§ ACTIVITY:
Your reply must hold the lines from the one containing "In Hinduism, bells" to the end of the entries, copied exactly, with pictures excluded.

Records from a data collection
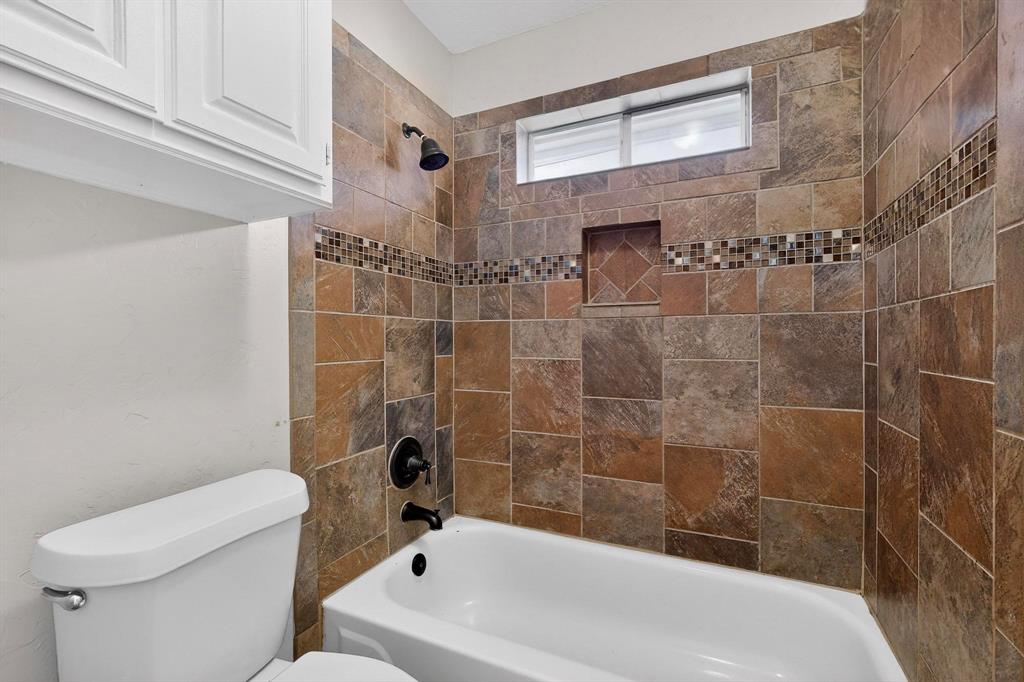 2601 Trail Tree Court Burleson, TX 76028 - Photo 32 of 40 Full bath featuring toilet and tub / shower combination
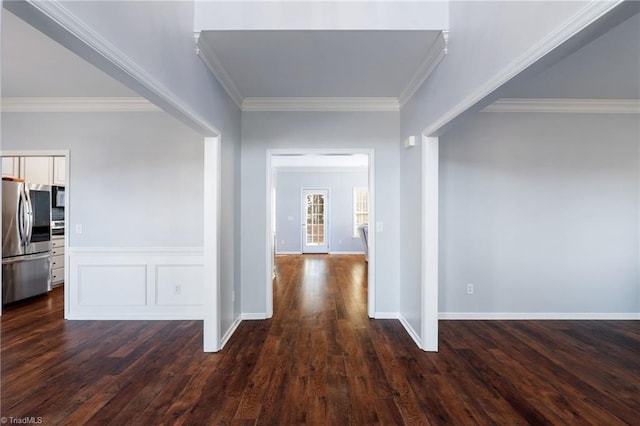 hall with ornamental molding and dark wood-type flooring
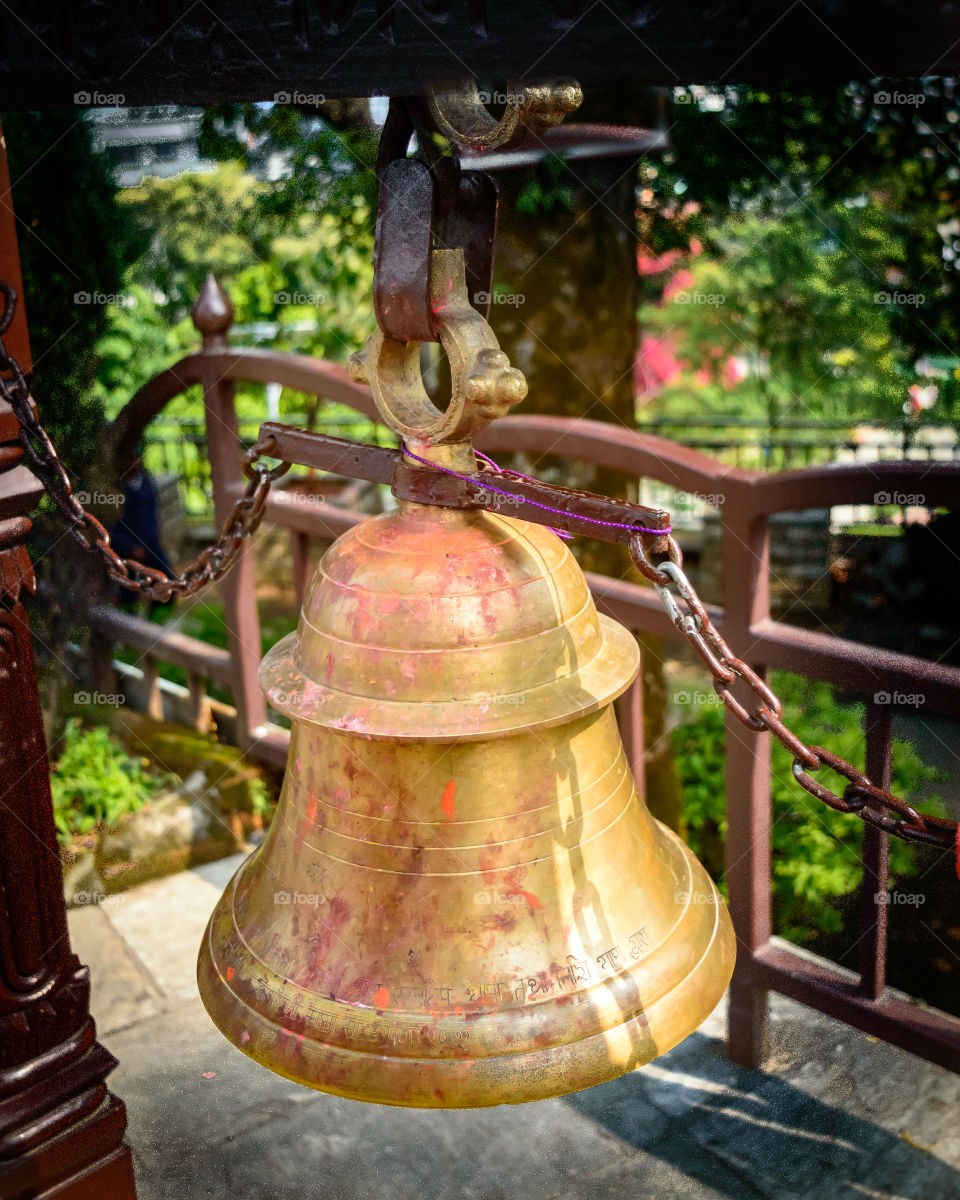 In Hinduism, bells are generally hung at temple dome. Devotees ring bell while entering sanctum. Sound is considered auspicious which welcomes divinity and dispels evil.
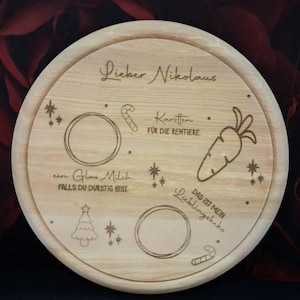 May include: A round wooden plate with a Christmas theme. It has a handwritten message that says "Lieber Nikolaus" and includes images of a candy cane, a carrot, a Christmas tree, and a glass of milk. The text also says "Karotten fur die Rentiere" and "Das ist mein Lieblingskeks".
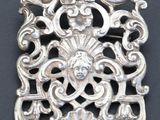 une broche en argent sur un fond noir
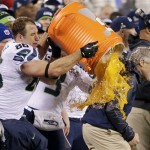 Seattle Seahawks' Zach Miller dumps Gatorade on Seattle Seahawks head coach Pete Carroll during the second half of the NFL Super Bowl XLVIII football game Sunday, Feb. 2, 2014, in East Rutherford, N.J. The Seahawks won 43-8. (AP Photo/Gregory Bull)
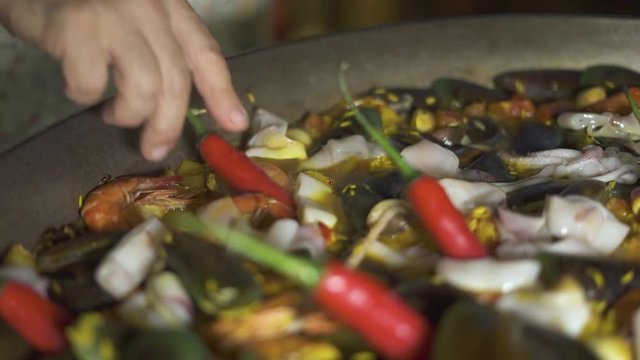 Chef cook cooking spanish paella with red hot peppers and fresh seafood in pan close up. Preparation traditional spain paella with mussels, shrimps, calamari and vegetables in pan.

§ ANSWER TO THIS EXERCISE:
 In Hinduism, bells are generally hung at temple dome. Devotees ring bell while entering sanctum. Sound is considered auspicious which welcomes divinity and dispels evil.
 May include: A round wooden plate with a Christmas theme. It has a handwritten message that says "Lieber Nikolaus" and includes images of a candy cane, a carrot, a Christmas tree, and a glass of milk. The text also says "Karotten fur die Rentiere" and "Das ist mein Lieblingskeks".
 une broche en argent sur un fond noir
 Seattle Seahawks' Zach Miller dumps Gatorade on Seattle Seahawks head coach Pete Carroll during the second half of the NFL Super Bowl XLVIII football game Sunday, Feb. 2, 2014, in East Rutherford, N.J. The Seahawks won 43-8. (AP Photo/Gregory Bull)
 Chef cook cooking spanish paella with red hot peppers and fresh seafood in pan close up. Preparation traditional spain paella with mussels, shrimps, calamari and vegetables in pan.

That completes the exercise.